Zoll und Polizei haben ihre gemeinsame Ermittlungsgruppe seit Anfang Oktober personell deutlich aufgestockt, denn die Verdachtsanzeigen von Banken und Zoll an den Grenzen sind um 20 bis 25 Prozent gestiegen. Nicht immer sind es deutsche Geschäftsleute, die sich dem Verdacht aussetzen, verdientes Geld an der Steuer vorbei in Sicherheit bringen zu wollen. Auch viele Vietnamesen transferieren große Summen in die Heimat. Die Vermutung, es könne sich dabei um Verdienste aus dem illegalen Zigarettenhandel handeln, liegt nahe, muss aber erst bewiesen werden. Genauso gut könne die Erklärung stimmen, es handele sich um das unter Landsleuten gesammelte Geld zur Unterstützung von Familienangehörigen in der Heimat, sagt Thomas Schmidt. Im Gegenzug gibt "es auch eine Menge Osteuropäer, die große Bargeldsummen nach Deutschland bringen, um hier Autos zu kaufen", berichtete der Chef der Zollfahnder. Besonders beliebt sei der Geländewagen mit dem Stern aus Stuttgart. Schmidt ist sich nicht sicher, ob mit dem nach Deutschland transportierten Geld dann tatsächlich Autos gekauft und ausgeführt werden - oder ob Geld gewaschen wird.

Bekannt ist dagegen, dass Touristen in den vergangenen sechs Monaten deutlich mehr wertvolle Schmuckstücke hauptsächlich aus der Schweiz nach Berlin gebracht haben, als in den Monaten davor. Der Zoll an Flughäfen und Grenzen meldete allein 600 Fälle. Wegen des Verdachts der Geldwäsche wird nun in rund 60 Fällen ermittelt. Die Schmuckkäufer wurden dabei in den meisten Fällen Opfer ihrer Geldgier: Sie ließen sich nämlich die in der Schweiz gezahlte Steuer bei der Ausreise erstatten, vergaßen aber, das Schmuckstück bei der Rückreise nach Deutschland zu verzollen.
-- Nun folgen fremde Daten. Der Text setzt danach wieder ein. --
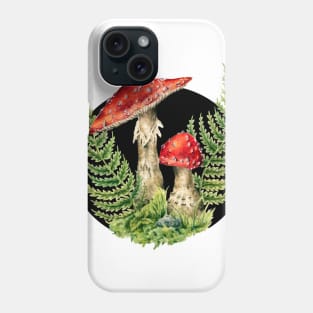 Cottagecore Fairy Mushrooms, Toadstool and Ferns, Fungus Mycology Art, Amanita Muscaria Phone Case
"Oft wussten wir schon kurz nach dem Abflug eines Flugzeugs Richtung Berlin, dass darin ein Reisender mit einem wertvollen, aber unverzolltem Schmuckstück sitzt", sagte Schmidt. Den wenigsten ist nämlich bekannt, dass der Schweizer Zoll in solchen Fällen den deutschen Kollegen einen diskreten, aber bestimmten Hinweis gibt. Personalien werden nicht mitgeteilt, eine Personenbeschreibung reicht für die erfahrenen Zöllner allemal.